I am having a blast writing my book on how to develop and implement a sustainable win loss program. I am 2/3 done with my rough draft: no writer’s cramp yet. Here are some tidbits for you to noodle on as you think about your win loss efforts.

Win Loss is a Cooperative Relationship Business: You need to treat people the way they like to be treated throughout the process.

we build relationshipsIt starts with soliciting feedback for the win loss questions from multiple people in relevant departments such as sales, marketing, product management, PR and executives. The next touch point is the internal interviews you conduct before reaching out to customers. Treat sales people with respect. They are the gateway to the customer.

Be sensitive especially around losses as it’s easy for account reps to lose face in this process. You want them to realize how much they can learn for future deals by interviewing their customers, and that their customer isn’t the only one you’re reaching out to interview. Sales managers usually get this, but they aren’t the one who just lost the deal and the commission check that went along with it. This is one reason you also include win interviews, to keep sales uplifted about the process.
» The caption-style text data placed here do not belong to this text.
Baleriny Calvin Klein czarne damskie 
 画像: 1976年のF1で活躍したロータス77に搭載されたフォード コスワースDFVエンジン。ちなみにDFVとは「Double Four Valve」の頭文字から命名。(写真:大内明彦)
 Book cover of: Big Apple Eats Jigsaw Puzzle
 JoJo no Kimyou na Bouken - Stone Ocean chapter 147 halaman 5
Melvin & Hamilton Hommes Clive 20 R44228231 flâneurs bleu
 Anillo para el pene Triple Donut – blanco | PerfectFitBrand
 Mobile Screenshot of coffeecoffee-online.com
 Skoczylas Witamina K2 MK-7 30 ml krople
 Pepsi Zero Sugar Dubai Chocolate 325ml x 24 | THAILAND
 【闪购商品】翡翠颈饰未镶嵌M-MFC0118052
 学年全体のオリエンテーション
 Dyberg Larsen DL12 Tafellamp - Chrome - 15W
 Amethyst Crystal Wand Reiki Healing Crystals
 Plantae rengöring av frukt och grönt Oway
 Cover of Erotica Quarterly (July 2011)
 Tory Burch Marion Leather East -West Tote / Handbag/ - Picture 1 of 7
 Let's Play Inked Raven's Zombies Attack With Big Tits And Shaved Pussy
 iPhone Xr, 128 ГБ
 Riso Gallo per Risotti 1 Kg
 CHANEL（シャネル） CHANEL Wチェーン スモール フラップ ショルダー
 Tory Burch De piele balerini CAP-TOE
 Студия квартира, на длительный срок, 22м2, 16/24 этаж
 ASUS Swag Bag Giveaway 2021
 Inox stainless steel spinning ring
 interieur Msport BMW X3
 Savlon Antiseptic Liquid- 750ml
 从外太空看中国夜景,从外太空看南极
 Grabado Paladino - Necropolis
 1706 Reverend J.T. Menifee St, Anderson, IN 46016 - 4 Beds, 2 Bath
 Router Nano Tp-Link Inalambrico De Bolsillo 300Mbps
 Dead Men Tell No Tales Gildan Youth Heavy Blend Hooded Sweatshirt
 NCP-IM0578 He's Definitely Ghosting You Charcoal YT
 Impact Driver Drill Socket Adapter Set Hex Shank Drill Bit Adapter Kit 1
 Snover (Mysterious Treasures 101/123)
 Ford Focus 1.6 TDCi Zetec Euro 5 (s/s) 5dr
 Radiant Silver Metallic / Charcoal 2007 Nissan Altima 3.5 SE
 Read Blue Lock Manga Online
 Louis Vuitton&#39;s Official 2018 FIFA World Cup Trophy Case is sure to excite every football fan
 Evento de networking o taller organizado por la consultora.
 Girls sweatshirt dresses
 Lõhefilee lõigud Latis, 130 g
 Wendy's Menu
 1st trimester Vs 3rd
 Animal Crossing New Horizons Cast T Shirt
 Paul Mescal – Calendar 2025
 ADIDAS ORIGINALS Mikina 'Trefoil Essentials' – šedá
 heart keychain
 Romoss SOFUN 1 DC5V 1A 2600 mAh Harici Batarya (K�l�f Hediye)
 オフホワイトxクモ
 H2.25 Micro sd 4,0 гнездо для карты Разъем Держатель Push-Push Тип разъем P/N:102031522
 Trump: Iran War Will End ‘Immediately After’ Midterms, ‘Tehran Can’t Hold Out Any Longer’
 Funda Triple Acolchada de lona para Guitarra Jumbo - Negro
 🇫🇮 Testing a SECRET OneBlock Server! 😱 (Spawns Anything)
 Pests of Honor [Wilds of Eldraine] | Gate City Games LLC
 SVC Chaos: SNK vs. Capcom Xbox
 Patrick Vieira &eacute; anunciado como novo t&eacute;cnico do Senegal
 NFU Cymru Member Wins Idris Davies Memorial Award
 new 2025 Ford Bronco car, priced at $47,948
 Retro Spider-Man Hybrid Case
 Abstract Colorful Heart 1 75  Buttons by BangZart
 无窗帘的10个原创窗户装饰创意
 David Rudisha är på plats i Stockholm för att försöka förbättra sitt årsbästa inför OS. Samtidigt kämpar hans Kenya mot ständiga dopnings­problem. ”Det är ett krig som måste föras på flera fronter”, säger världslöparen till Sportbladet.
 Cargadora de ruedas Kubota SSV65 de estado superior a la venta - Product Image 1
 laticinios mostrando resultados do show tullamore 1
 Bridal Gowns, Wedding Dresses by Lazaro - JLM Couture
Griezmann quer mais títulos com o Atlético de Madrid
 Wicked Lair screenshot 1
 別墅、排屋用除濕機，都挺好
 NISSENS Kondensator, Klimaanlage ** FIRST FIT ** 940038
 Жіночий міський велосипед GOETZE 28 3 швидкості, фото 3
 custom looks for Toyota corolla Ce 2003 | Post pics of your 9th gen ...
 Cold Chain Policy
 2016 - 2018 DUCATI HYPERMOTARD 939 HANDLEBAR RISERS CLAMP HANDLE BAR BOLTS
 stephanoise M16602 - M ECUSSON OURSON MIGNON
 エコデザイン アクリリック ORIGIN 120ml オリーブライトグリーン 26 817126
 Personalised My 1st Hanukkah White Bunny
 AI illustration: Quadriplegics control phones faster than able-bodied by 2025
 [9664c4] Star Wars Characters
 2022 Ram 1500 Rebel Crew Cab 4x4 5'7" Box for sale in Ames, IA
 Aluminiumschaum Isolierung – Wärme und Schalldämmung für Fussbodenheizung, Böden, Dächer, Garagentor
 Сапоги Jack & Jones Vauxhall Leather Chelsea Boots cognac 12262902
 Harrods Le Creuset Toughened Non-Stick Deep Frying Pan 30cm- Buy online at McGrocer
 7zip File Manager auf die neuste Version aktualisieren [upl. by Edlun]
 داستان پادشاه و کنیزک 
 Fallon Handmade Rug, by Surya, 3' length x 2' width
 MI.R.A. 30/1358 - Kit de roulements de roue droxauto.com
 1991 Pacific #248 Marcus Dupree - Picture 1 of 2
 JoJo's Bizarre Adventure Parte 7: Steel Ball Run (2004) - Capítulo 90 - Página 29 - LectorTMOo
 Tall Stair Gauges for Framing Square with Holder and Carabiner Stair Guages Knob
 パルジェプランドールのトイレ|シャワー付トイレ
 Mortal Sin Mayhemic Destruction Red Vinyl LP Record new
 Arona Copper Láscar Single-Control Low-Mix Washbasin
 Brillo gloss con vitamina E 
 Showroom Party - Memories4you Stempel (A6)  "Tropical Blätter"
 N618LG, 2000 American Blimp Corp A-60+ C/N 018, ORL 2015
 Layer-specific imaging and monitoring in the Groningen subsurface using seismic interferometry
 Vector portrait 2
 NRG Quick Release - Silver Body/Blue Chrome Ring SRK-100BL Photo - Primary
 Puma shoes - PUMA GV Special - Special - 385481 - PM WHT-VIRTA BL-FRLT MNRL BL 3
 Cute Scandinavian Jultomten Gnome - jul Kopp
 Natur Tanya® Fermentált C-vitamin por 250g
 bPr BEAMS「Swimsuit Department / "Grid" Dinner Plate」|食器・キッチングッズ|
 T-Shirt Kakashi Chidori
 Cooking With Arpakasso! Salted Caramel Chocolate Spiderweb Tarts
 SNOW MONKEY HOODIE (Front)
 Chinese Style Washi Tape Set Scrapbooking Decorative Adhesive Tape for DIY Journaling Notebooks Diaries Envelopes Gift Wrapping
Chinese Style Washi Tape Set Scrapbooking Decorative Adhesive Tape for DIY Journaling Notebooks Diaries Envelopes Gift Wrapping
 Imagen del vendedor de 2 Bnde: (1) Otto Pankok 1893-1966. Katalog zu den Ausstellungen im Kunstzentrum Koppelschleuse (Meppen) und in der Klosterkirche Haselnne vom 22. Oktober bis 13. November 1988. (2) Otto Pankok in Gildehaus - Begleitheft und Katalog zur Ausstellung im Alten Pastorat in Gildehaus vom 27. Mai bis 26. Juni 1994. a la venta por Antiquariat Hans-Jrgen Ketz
Of course you learn things from win interviews that you don’t from losses.

With the customer, you want to engage early and frequently throughout the sales process. Relationships can make or break deals, especially when there is little differentiation among competitor’s products or services. You need to be respectful and polite when conducting these interviews as you represent your company (or the hiring company if you’re a consultant). Sales works hard to develop customer relationships. You don’t want to upset these relationships. That’s why I like to get plenty of information on each account before I even reach out to schedule a business to business win loss interview.

Rather than conducting a witch hunt on sales people in win loss interviews, go for a more holistic approach such as:

  • Why did we win or lose the business?
  • What are the gaps in our proposal?
  • What did we do well that they appreciate?
  • Where can we make improvements?
  • What did the competition do well that they appreciate?
  • Where can the competition make improvements?

Remember that the recommendations you make at the conclusion of your win loss report can impact people’s jobs. Be sensitive to company politics and face saving in your loss reports. Don’t assume a trend or fully believe everything customers tell you. Find several examples of the same trend before reporting it as such. If there is a complaint against a certain person, crosscheck and give that person a chance to tell their side of the story. Sometimes the customer really didn’t get along with an account rep, and they can’t say anything good about him or her. You need to dig deep enough to get the full scoop as to what happened. You will get a more balanced perspective, make the accused employee feel better and feel better about what you’re writing in your win loss report. This is so important for a sustainable win loss analysis program.

Consistency

In closing, one key to your program’s success is consistency. If you have the same person or couple of people conduct win loss interviews (both internally and to customers and prospects), you gain progressively more insight. In the first year, you will learn the issues. By the third year, the interviewer(s) has a solid relationship with sales teams, management and has an incredible grasp of the issues, which gives them the ability to know when and how to probe to gain maximum information from each win loss interview.